Looks easier to move than my Spartan 1065. Looks like you got a nice machine there.


----------



## UnclogNH (Mar 28, 2009)

plumbpro said:


> This is my "new" used machine. Not sure of the make or model, looks like a Mytana. I ordered some autofeed bearings from Mytana and a new cable from DCD, along with various cutters. I traded a k400 for this monster. Anyone know what machine this might be. It's a 3/4 cable, 1/2 hp motor, looks like an old RR machine.

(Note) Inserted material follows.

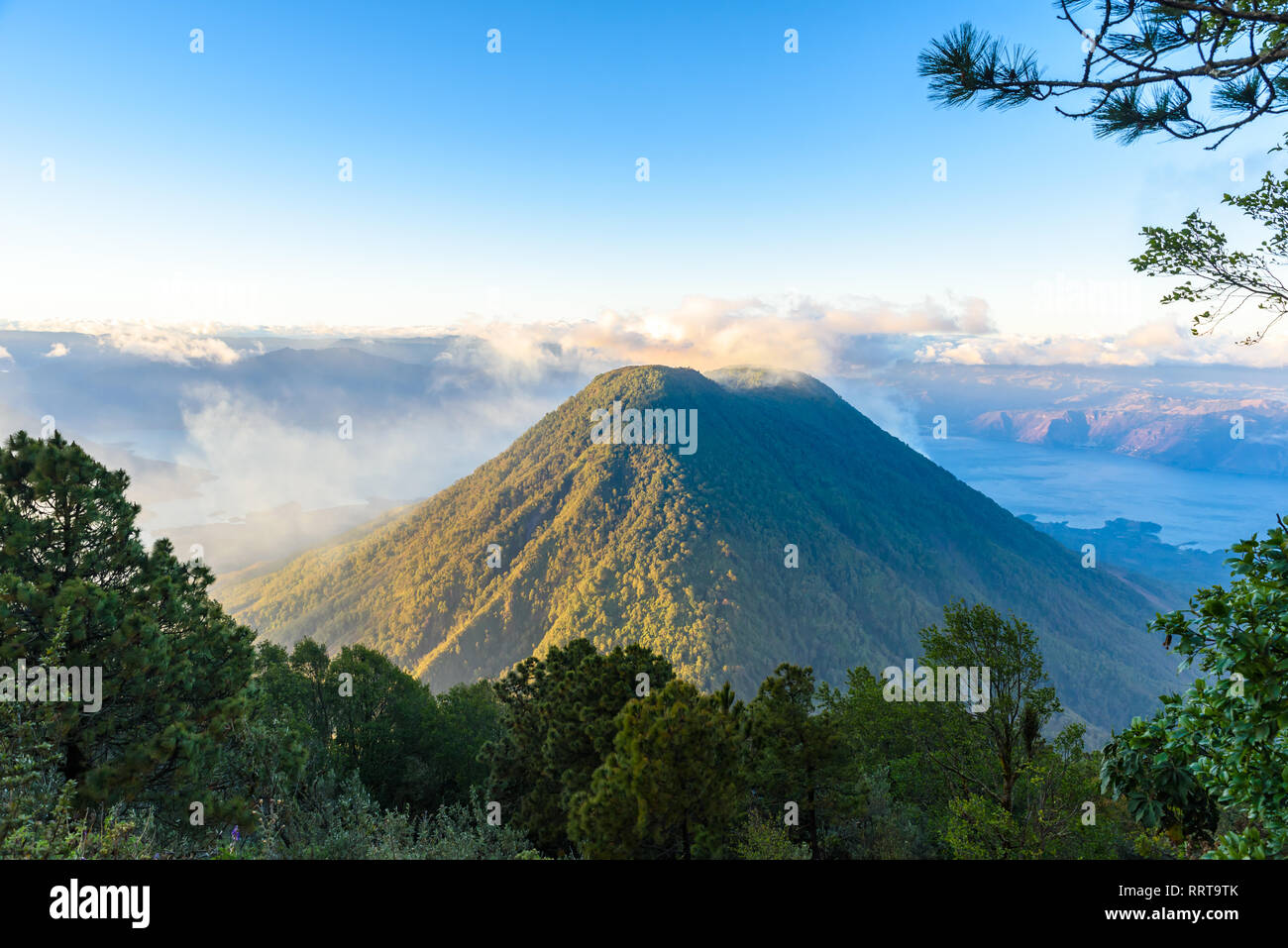 View to Volcano Toliman at Lake Atitlan in Highlands of Guatemala - Aerial View Stock Photo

It's a Duracable DM-55 new style sled. I own one good machine Don't think the Mytana bearings will fit you need to call Duracable and ask for part number PCFR22ser bearing kit also it's 3/4 hp @ 175 rpm's


It was issued to Roto Rooter because of the color blue. Red is sold to companies that are not with Roto-Rooter Make sure you lube new bearings once a month not just WD-40 It will last you many years of good service
Here is a link http://duracable.com/Machines/TheKingDM55.aspx
http://www.duracable.com/DuracableCatalog.pdf#page=18


----------



## plumbpro (Mar 10, 2010)

Thats it, it is actually model 82 55 which is the same as the dm 55. According to the guy at duracable it was manufactured in 06 for RR. I had already ordered Mytana bearings and pins when I found this info out. Got the bearings today and put them in, they are slightly smaller, but fit with mytana pins and washers. It's a well oiled machine now and I'm picking up the new cable in the morning. Weird thing is, I have 2 mainline calls for tomorrow that came out of the blue today.


----------



## UnclogNH (Mar 28, 2009)

It's a beast but it gets the job done. If one of your sewers is 100 feet tomorrow run the cable back in it after you clear it with hot water for a good 20-25 minutes this will help take the tension out of the cable and break it in nice.:thumbsup:


----------



## Epox (Sep 19, 2010)

Wtg, I have the mytana. Does great. I got mine used but for free. I rebuilt or replaced everything that moved including 3/4 cable. And added the feed kit which it did not have. Think I could have thrown in another 600.00 and had a new one but oh well.


----------



## plumbpro (Mar 10, 2010)

Took it on it's maiden voyage, maiden for me anyway, and it did great. Very solid machine, super power and impressive. I have to agree with Sewer Ratz that there is nothing more satisfying than watching a standing drain woooooossshhh. Much praise from the HO to boot.


----------